- WHAT YOU ARE ASKED TO DO
Output each line of the data word for word, from the first through the line that holds "NEW Vintage 70s", and leave off whatever follows.

*** AVAILABLE DATA ***

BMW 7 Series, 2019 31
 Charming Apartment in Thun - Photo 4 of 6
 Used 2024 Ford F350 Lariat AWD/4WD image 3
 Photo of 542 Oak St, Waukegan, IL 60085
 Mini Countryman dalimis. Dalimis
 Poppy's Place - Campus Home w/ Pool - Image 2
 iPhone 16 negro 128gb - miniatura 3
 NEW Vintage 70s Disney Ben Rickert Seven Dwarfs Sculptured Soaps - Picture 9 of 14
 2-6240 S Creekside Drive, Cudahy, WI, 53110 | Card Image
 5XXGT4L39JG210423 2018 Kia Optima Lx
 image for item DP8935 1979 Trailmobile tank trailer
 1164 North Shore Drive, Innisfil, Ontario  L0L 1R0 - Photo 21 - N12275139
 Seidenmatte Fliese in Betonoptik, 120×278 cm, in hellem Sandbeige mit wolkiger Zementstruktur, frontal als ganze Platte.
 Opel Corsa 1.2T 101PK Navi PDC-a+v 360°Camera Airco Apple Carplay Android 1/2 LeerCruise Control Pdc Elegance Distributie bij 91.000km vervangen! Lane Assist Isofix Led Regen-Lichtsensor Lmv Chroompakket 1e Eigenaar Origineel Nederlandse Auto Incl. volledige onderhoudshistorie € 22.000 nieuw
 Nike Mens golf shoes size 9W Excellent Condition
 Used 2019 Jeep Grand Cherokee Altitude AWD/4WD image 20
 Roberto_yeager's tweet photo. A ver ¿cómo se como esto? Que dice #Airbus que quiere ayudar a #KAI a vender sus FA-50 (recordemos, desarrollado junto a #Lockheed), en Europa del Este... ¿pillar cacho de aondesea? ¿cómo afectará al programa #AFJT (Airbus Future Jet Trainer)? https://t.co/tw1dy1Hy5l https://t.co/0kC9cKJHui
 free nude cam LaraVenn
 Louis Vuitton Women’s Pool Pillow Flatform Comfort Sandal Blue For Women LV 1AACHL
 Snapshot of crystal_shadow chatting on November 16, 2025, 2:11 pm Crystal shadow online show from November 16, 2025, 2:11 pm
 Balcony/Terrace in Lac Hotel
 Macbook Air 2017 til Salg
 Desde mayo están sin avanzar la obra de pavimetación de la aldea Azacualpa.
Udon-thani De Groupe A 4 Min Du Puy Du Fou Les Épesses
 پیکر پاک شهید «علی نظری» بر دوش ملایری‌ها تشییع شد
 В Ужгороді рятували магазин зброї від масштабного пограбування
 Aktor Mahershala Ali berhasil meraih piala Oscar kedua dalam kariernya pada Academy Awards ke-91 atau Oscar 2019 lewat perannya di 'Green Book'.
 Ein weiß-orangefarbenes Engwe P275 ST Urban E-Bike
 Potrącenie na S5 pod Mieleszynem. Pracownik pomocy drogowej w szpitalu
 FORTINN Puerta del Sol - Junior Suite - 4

***

- ANSWER TO THE EXERCISE
BMW 7 Series, 2019 31
 Charming Apartment in Thun - Photo 4 of 6
 Used 2024 Ford F350 Lariat AWD/4WD image 3
 Photo of 542 Oak St, Waukegan, IL 60085
 Mini Countryman dalimis. Dalimis
 Poppy's Place - Campus Home w/ Pool - Image 2
 iPhone 16 negro 128gb - miniatura 3
 NEW Vintage 70s Disney Ben Rickert Seven Dwarfs Sculptured Soaps - Picture 9 of 14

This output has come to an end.